Similar to Online Dispute Resolution, courts are now available in online media! Online dispute resolution and virtual courts are now options for giving service to the public.
One would ask, what is the difference between Online Dispute Resolution and Online Courts? Online dispute resolution is capable of virtually resolving cases and without the involvement of a judge which is not mandatory. Similarly, virtual courts also handle cases remotely. However, for virtual courts, litigations happen with a counsel present.
Read in-depth discussions on ODR in What is ODR (Online Dispute Resolution)? and on Alternative dispute resolutions pros and cons in Alternative dispute resolution (ADR) and it’s advantages and disadvantages
Online dispute resolution and virtual courts have quite a lot of similarities and differences. Of course, both are platforms that address certain disputes online. It is just that ODR can only handle a certain complexity of cases. We can see ODR more commonly in the e-commerce world, where online transaction disputes happen.
Furthermore, the manner of proceeding is different. Online dispute resolution can proceed with the help of an online information technology system, ie with AI support.
An algorithm will help the parties involved in coursing through their dispute to arrive at a solution. Since this is a learning system as it handles and resolves more cases, its database improves along with it.
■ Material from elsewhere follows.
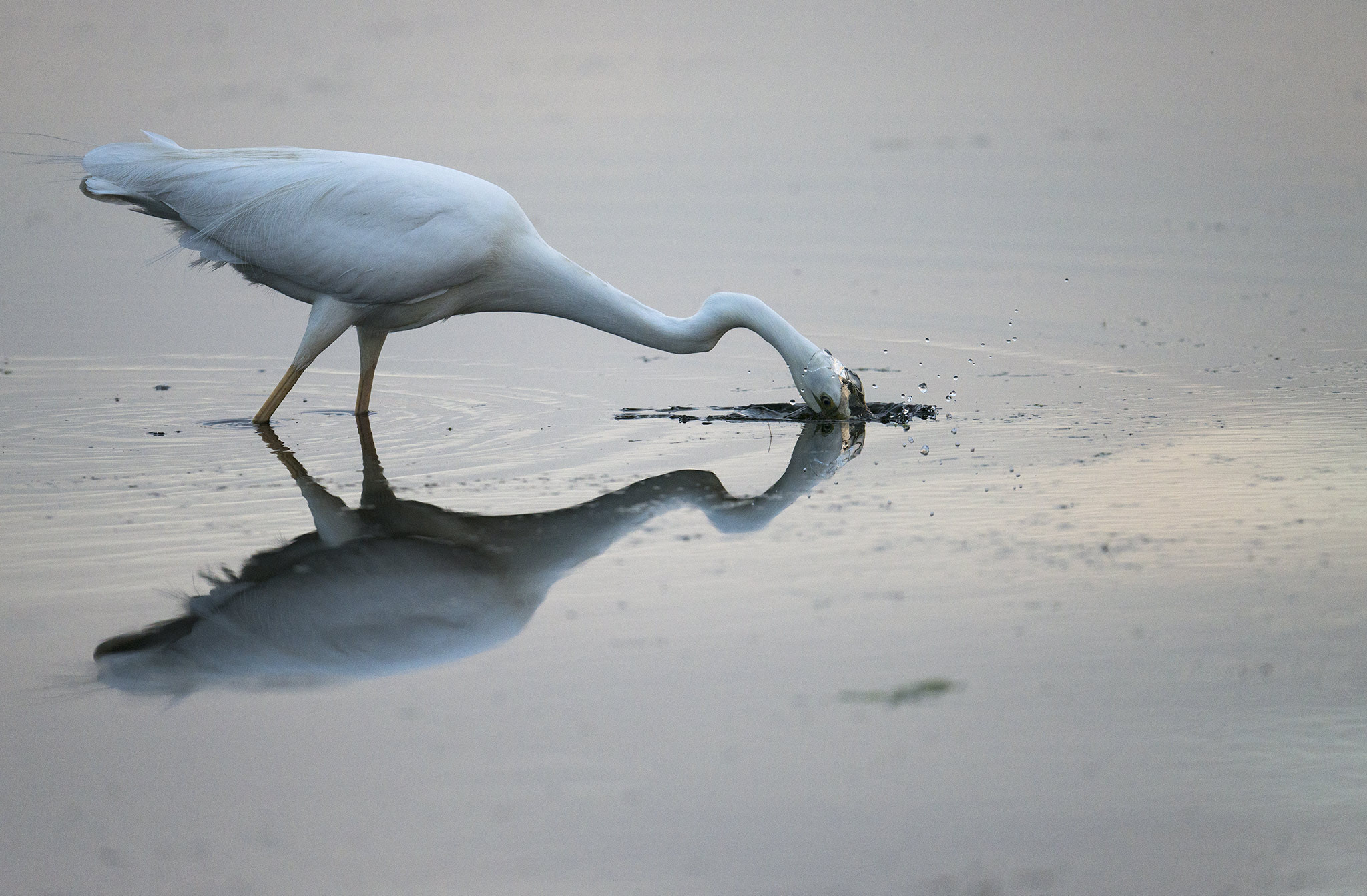 Nikon AF-S Nikkor 500mm F4E FL ED VR sample photo. Grande aigrette photography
Not all ODR platforms perform in this manner as there have been several innovation cycles in the past few years and the type of service/ dispute dictates the approach. You can read more on ODR platforms and justice in What is the Most Efficient and Fair Platform for Online Dispute Resolution? and Online Dispute Resolution: The Future of Justice.
Unfortunately, it’s not all smooth sailing and not all disputes can be resolved in the online dispute resolution platforms. If a resolution is not achieved here, the case will need to have an actual hearing, either virtual or face to face will ensue.
Virtual hearing, compared to ODR, utilizes a judge for litigation. Because of this, virtual hearing can attend to cases that are more complex than that of ODR and/or the parties failed to settle via ODR.
Despite these glaring differences, both aim to provide efficient and convenient services to the public. Since the use of the internet is global (not fully though), there are better ways to open opportunities such as dispute resolutions.
Moreover, the decreased time and cost for using these platforms compared to the face-to-face counterpart is a big plus for its possible users.
In a Nut Shell – What is Online Dispute Resolution?
Online dispute resolution has been available for a long time now. You have indeed seen these platforms online, especially in e-commerce fields. This online platform is usually utilized for cases that involve minor or straightforward claims.
Resolutions of small claims and cases are achieved in ODR with direct negotiation, which does not necessitate a judge’s involvement or a formal hearing.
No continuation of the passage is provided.